● **Directions for this task**
The records below must be repeated exactly, but without their pictures.

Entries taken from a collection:

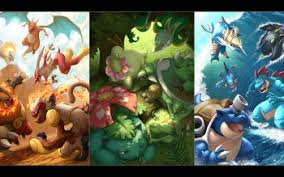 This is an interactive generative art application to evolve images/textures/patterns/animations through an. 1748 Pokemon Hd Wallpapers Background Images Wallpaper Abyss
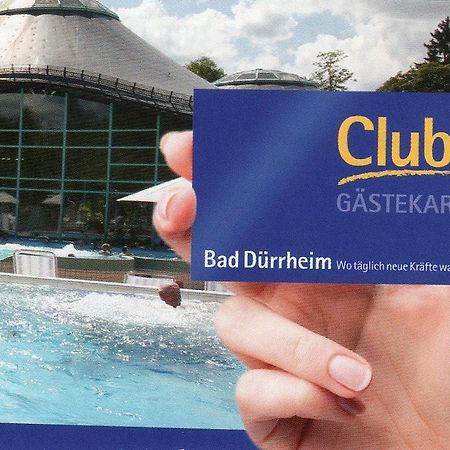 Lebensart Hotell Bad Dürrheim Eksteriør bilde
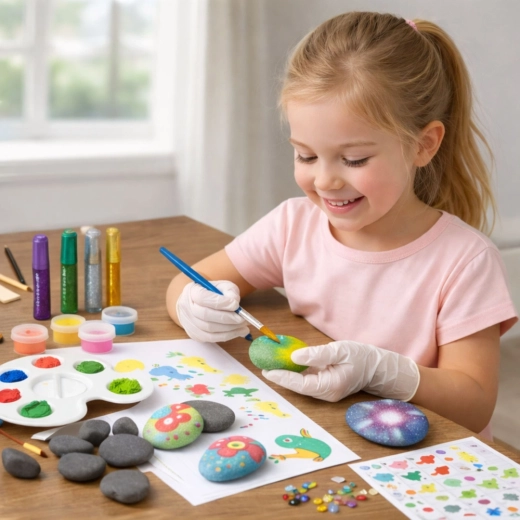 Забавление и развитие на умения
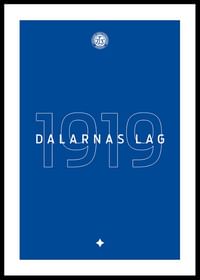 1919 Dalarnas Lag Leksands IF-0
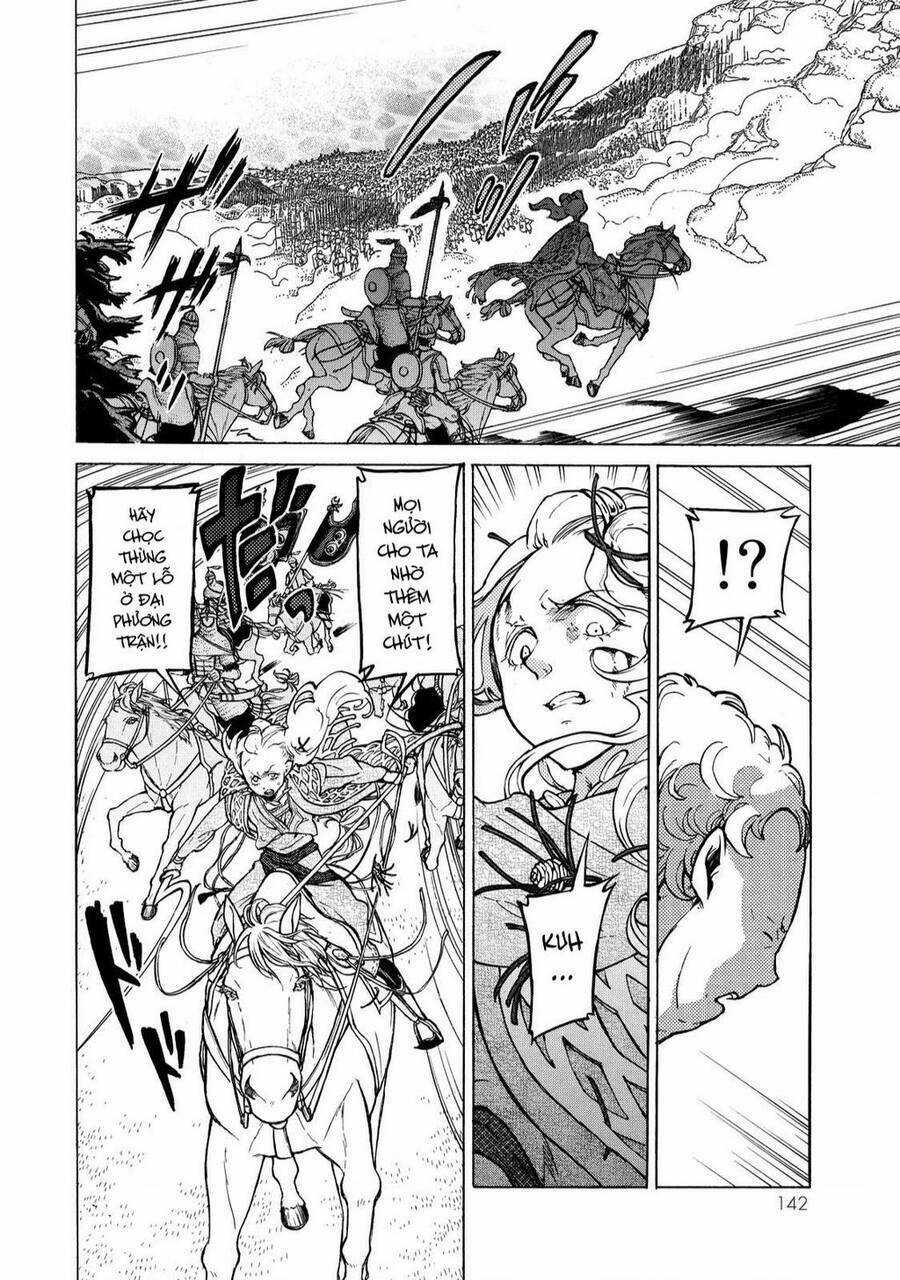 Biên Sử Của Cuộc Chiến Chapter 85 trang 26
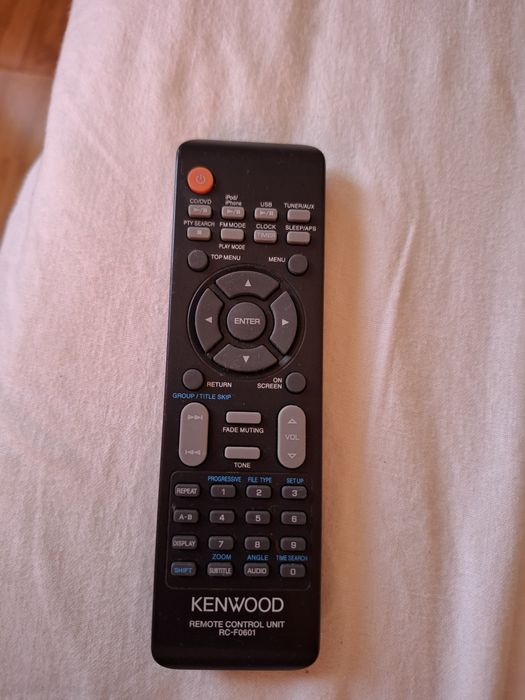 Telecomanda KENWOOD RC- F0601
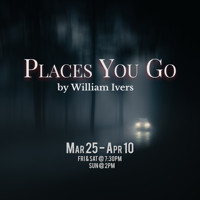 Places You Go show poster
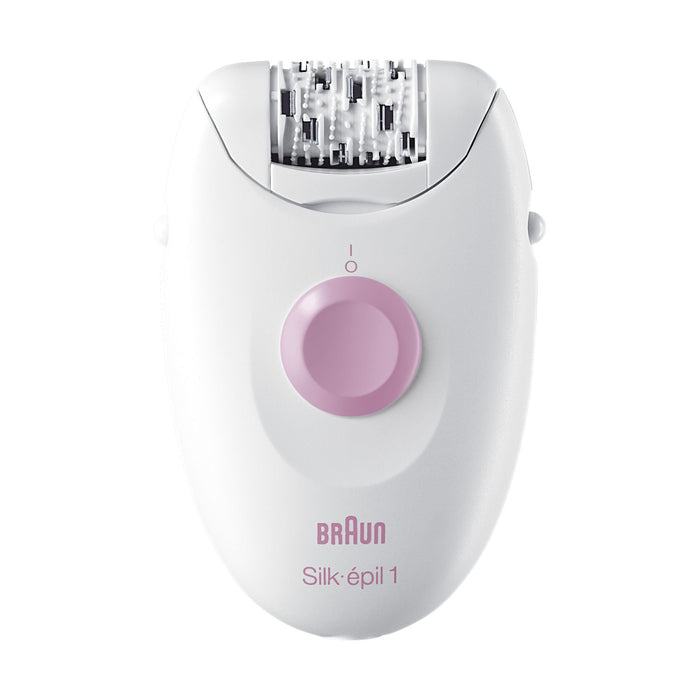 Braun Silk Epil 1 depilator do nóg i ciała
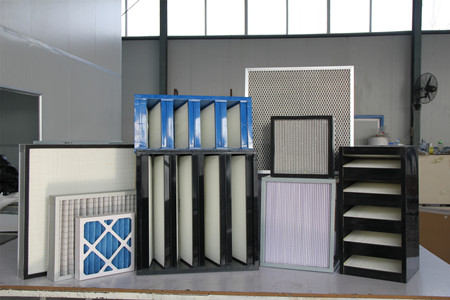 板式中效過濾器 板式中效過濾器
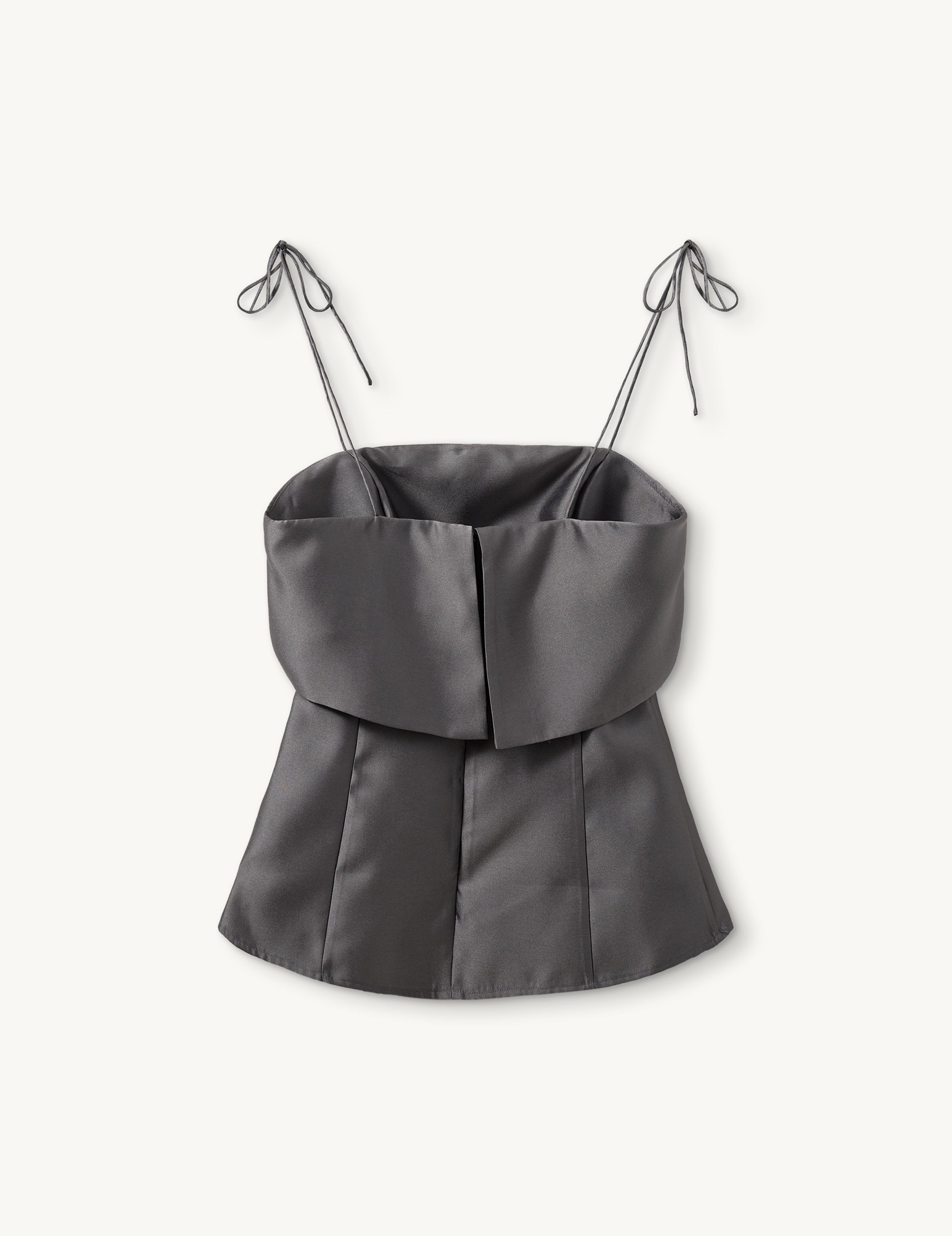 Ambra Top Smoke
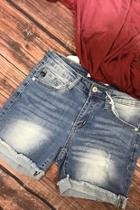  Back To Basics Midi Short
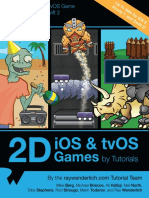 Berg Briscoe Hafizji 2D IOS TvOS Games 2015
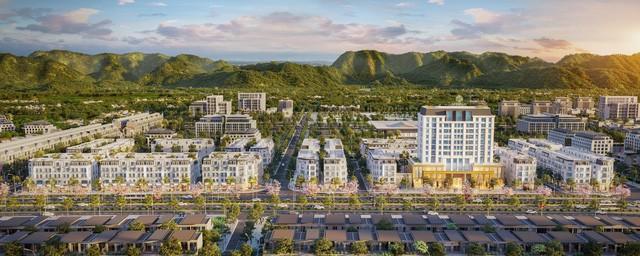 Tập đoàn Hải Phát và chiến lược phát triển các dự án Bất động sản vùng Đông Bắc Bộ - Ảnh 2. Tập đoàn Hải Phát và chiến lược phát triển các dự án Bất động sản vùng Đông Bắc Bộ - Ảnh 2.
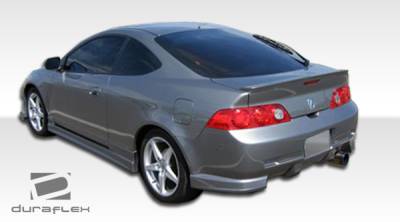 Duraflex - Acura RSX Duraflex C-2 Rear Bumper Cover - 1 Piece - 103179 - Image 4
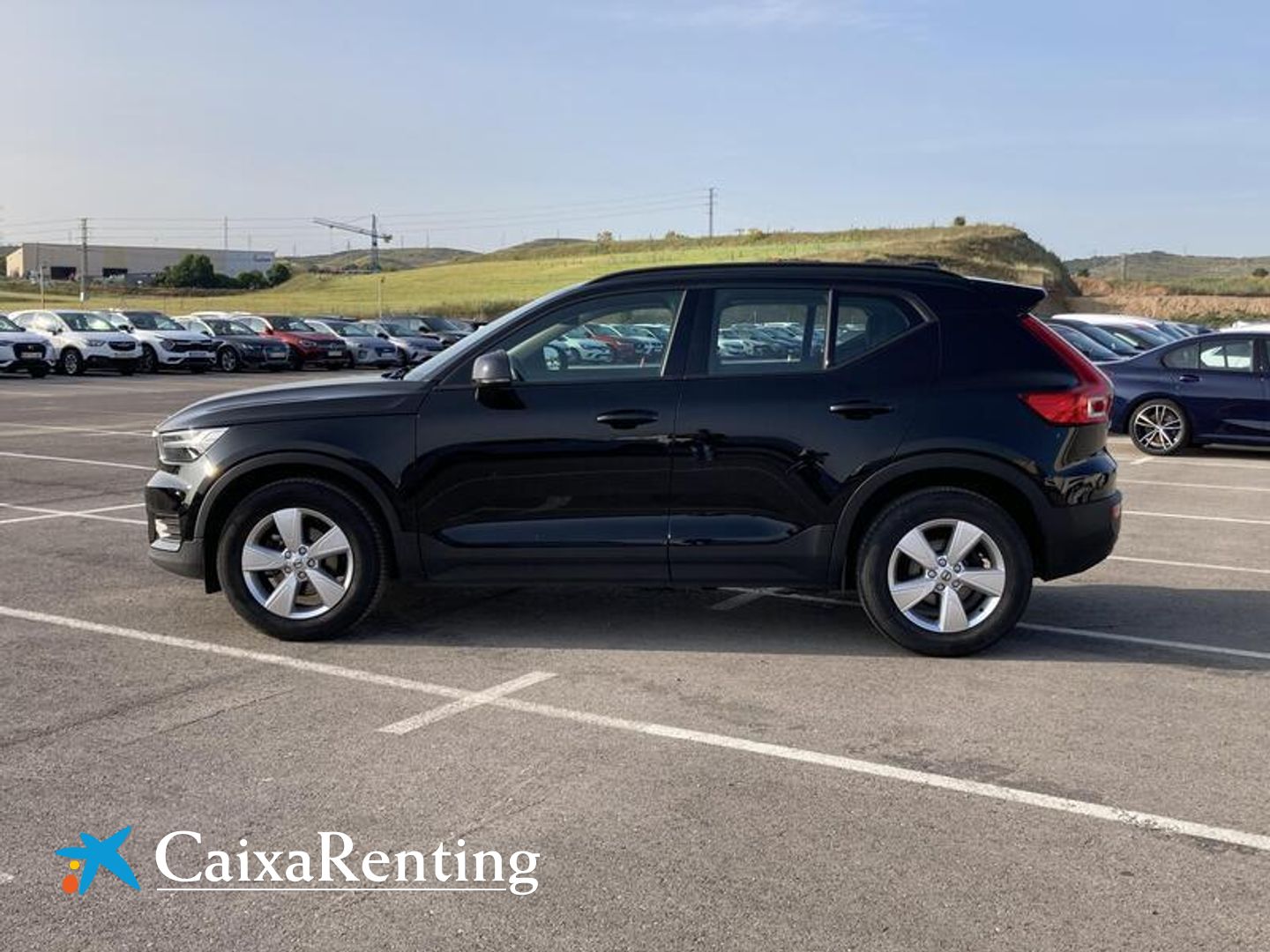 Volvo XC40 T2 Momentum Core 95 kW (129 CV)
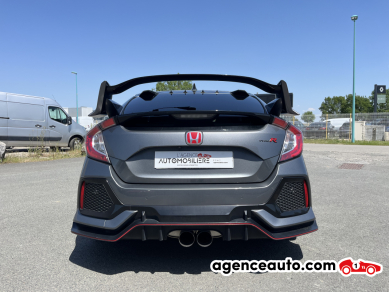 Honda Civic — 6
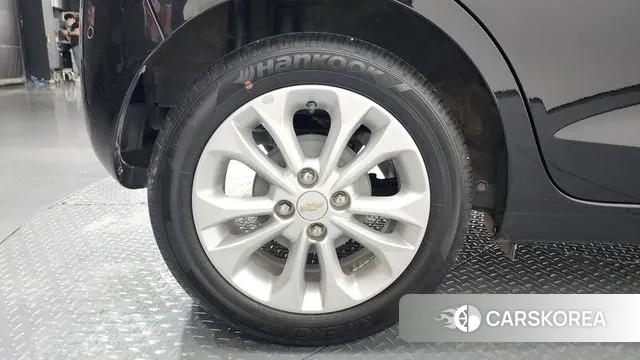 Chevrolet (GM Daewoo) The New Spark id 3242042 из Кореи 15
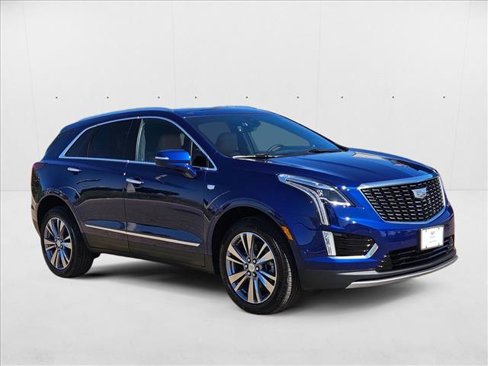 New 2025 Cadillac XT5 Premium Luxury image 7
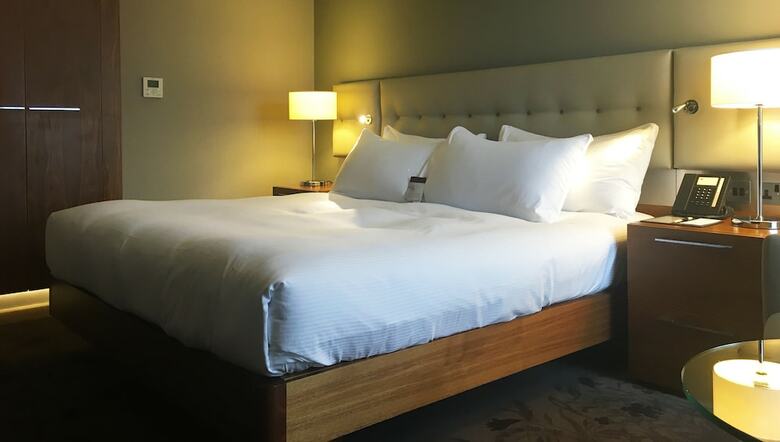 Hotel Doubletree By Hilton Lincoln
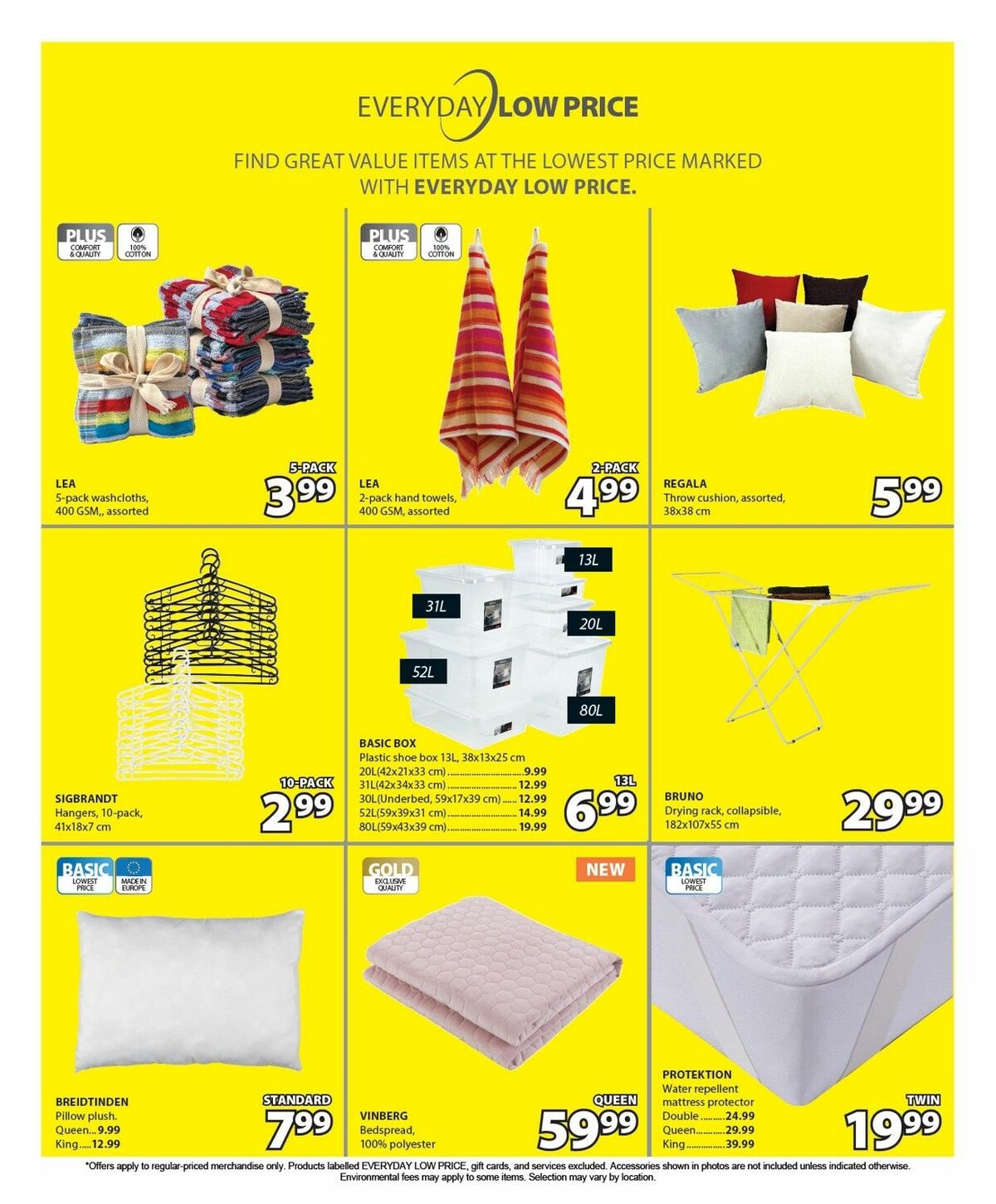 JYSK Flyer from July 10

● **Response**
 This is an interactive generative art application to evolve images/textures/patterns/animations through an. 1748 Pokemon Hd Wallpapers Background Images Wallpaper Abyss
 Lebensart Hotell Bad Dürrheim Eksteriør bilde
 Забавление и развитие на умения
 1919 Dalarnas Lag Leksands IF-0
 Biên Sử Của Cuộc Chiến Chapter 85 trang 26
 Telecomanda KENWOOD RC- F0601
 Places You Go show poster
 Braun Silk Epil 1 depilator do nóg i ciała
 板式中效過濾器 板式中效過濾器
 Ambra Top Smoke
  Back To Basics Midi Short
 Berg Briscoe Hafizji 2D IOS TvOS Games 2015
 Tập đoàn Hải Phát và chiến lược phát triển các dự án Bất động sản vùng Đông Bắc Bộ - Ảnh 2. Tập đoàn Hải Phát và chiến lược phát triển các dự án Bất động sản vùng Đông Bắc Bộ - Ảnh 2.
 Duraflex - Acura RSX Duraflex C-2 Rear Bumper Cover - 1 Piece - 103179 - Image 4
 Volvo XC40 T2 Momentum Core 95 kW (129 CV)
 Honda Civic — 6
 Chevrolet (GM Daewoo) The New Spark id 3242042 из Кореи 15
 New 2025 Cadillac XT5 Premium Luxury image 7
 Hotel Doubletree By Hilton Lincoln
 JYSK Flyer from July 10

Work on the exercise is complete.